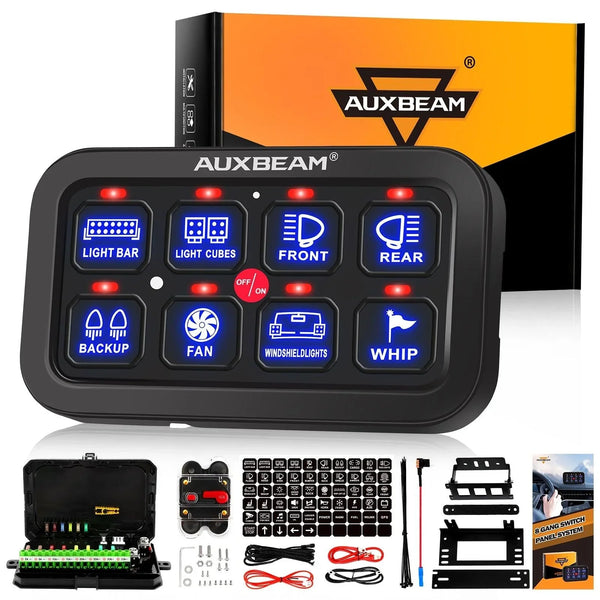 Single Series 8 Gang(BA80) LED Switch Panel Kit Automatic Dimmable Universal(One-Sided Outlet) Blue — Auxbeam product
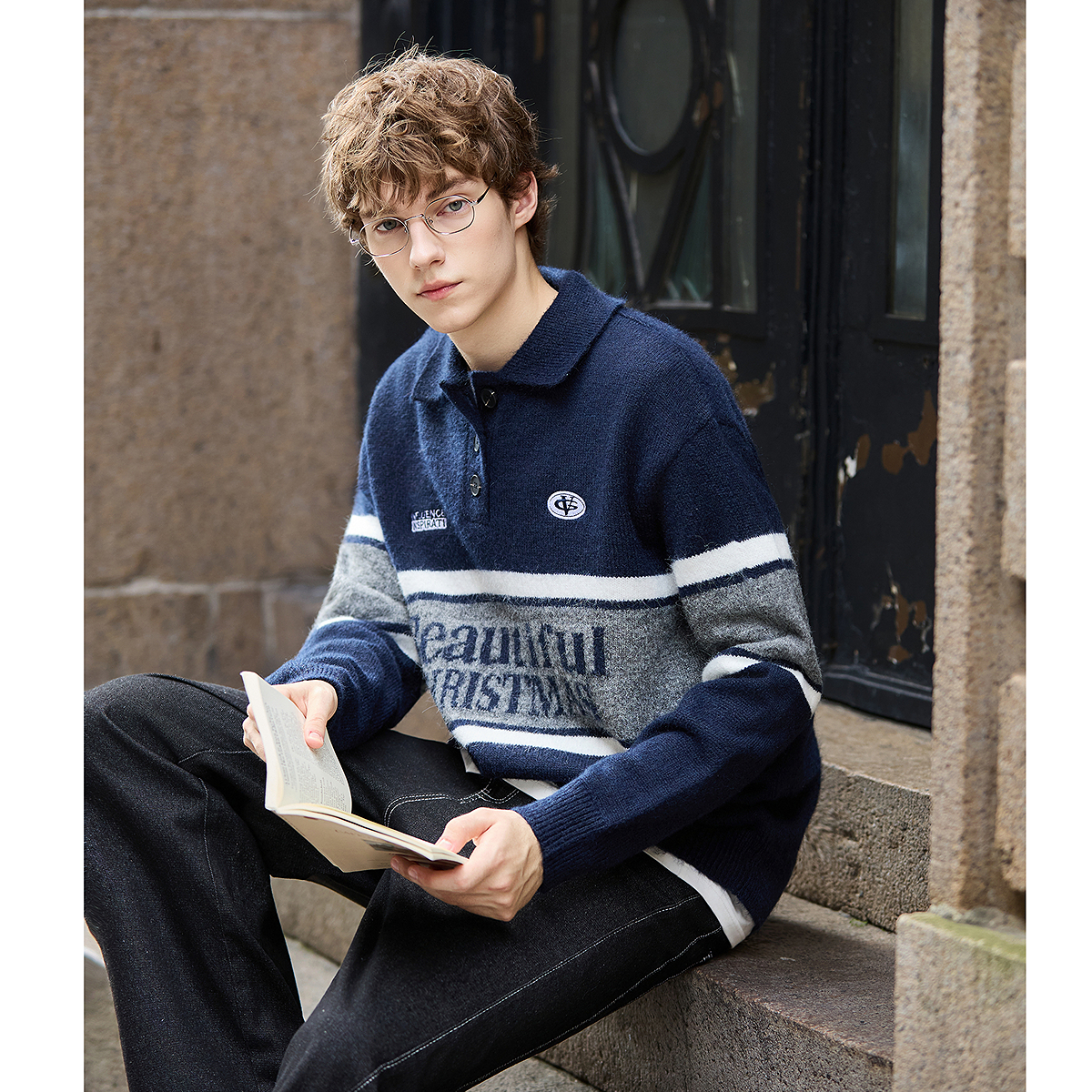 唐狮新款秋冬季毛衣男翻领英文拼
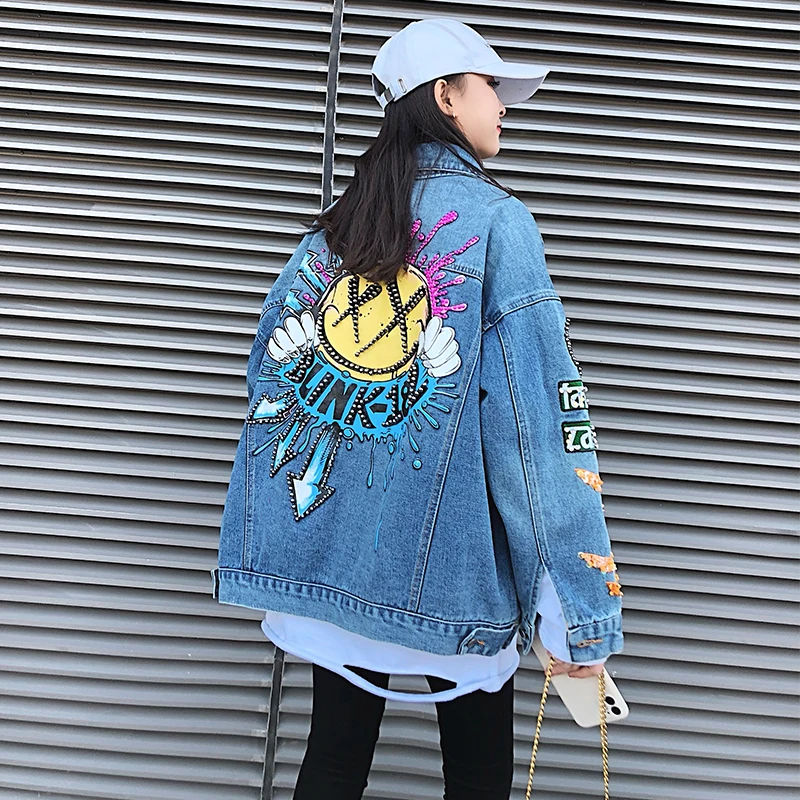 

2021 Korea-style Spring Autumn Long Sleeve Denim Jacket All-match Flash Drilling Beading Letter Loose Outwear Hip Hop Jean Coat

What to do:
Please reproduce only the lines from the one holding "唐狮新款秋冬季毛衣男翻领英文拼" through the final line of the listing above, both included, with each picture left out.

Exercise answer:
 唐狮新款秋冬季毛衣男翻领英文拼

2021 Korea-style Spring Autumn Long Sleeve Denim Jacket All-match Flash Drilling Beading Letter Loose Outwear Hip Hop Jean Coat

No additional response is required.